>>

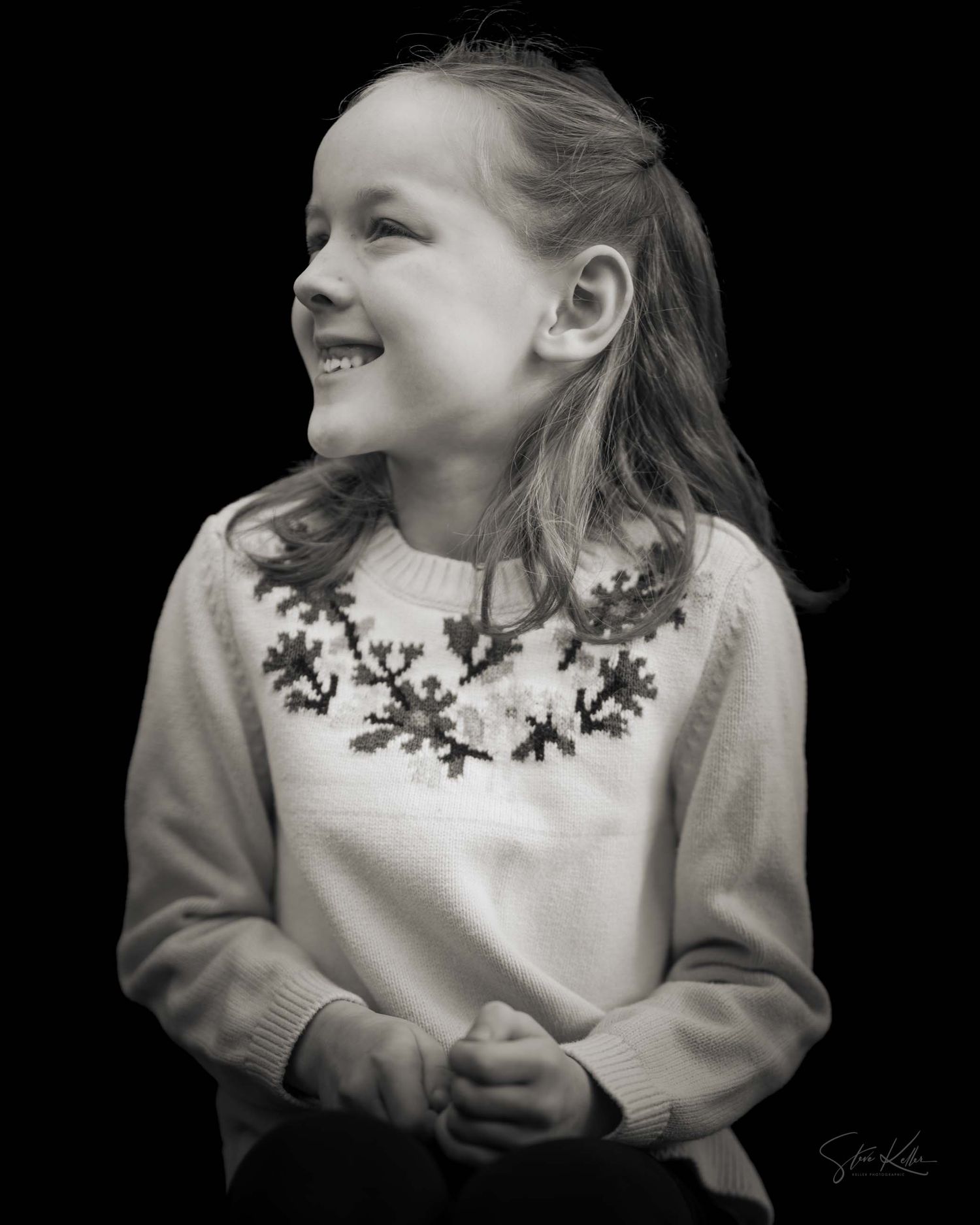 A black and white photo series showing a child in a white sweater with decorative collar smiling and turning to the side.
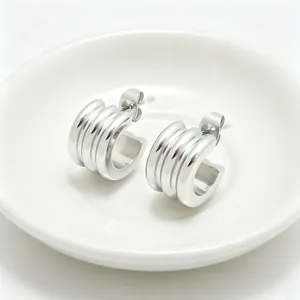 Detailed close-up view of minimalist stainless steel triple-layered C-shaped hoop earrings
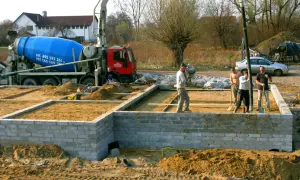 Budowa fundamentów: betonowóz i ekipa przygotowują teren. Czym obsypać fundamenty? Piaskiem i żwirem.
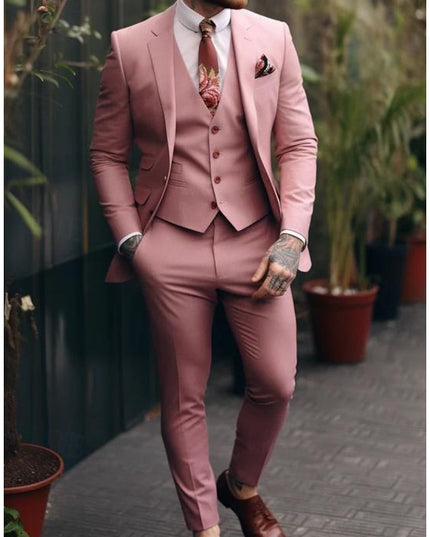 Full-length pink formal three-piece suit with notch lapels and burgundy tie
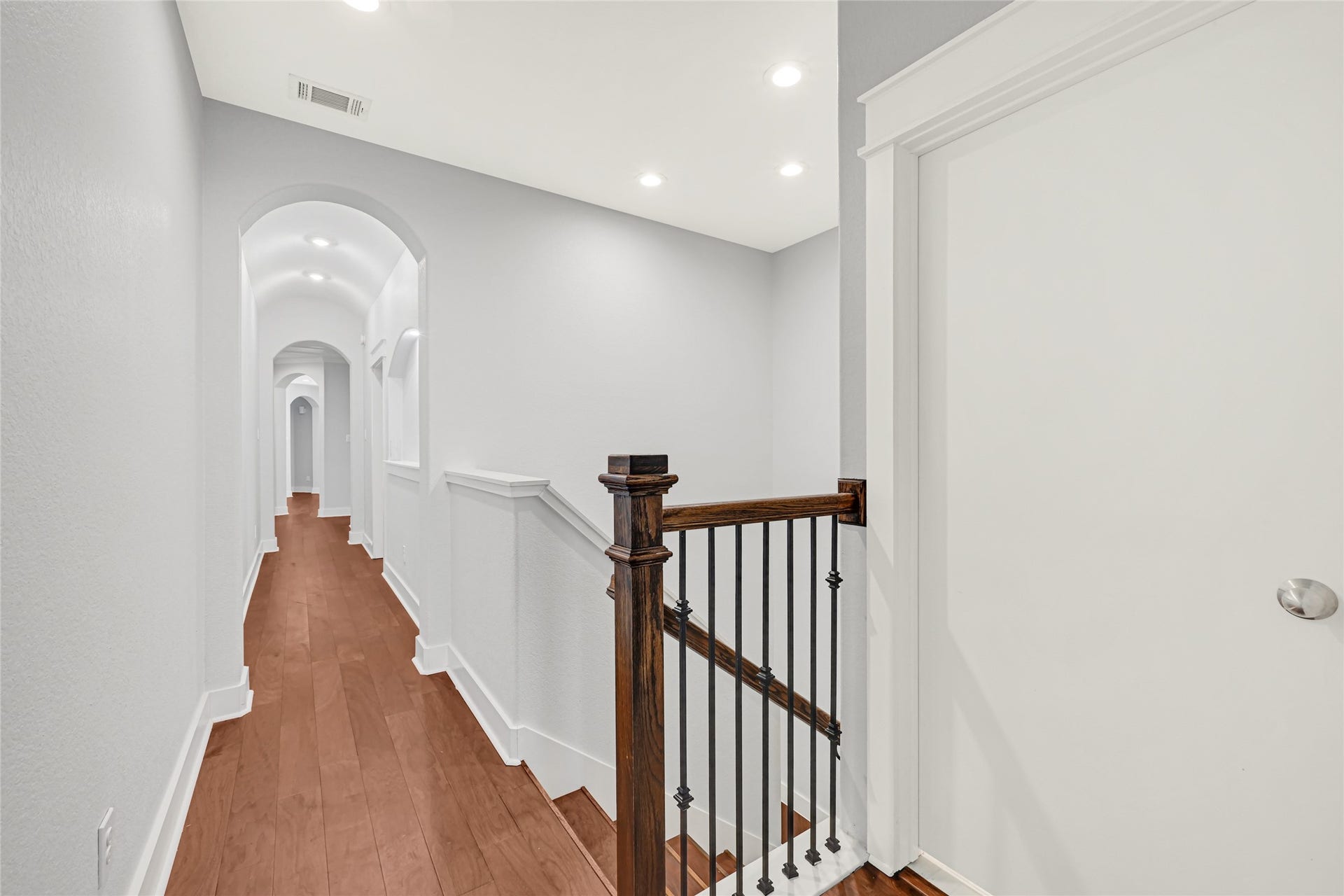 4210 Hidden Winds Drive, Spring, TX 77386 Upstairs hallway features wood flooring and decorative iron railing overlooking the staircase.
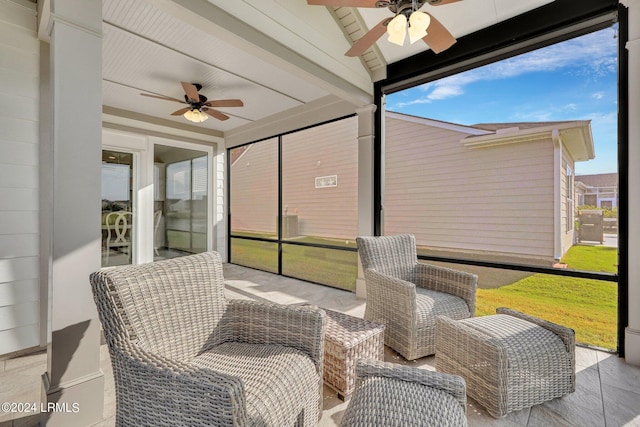 sunroom / solarium with lofted ceiling and ceiling fan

<<

▶ **Task statement**
Find the line with "Budowa fundamentów: betonowóz" and the line with "Full-length pink formal" in the records above. Copy both and all lines between them exactly, without pictures.

▶ **Task output**
 Budowa fundamentów: betonowóz i ekipa przygotowują teren. Czym obsypać fundamenty? Piaskiem i żwirem.
 Full-length pink formal three-piece suit with notch lapels and burgundy tie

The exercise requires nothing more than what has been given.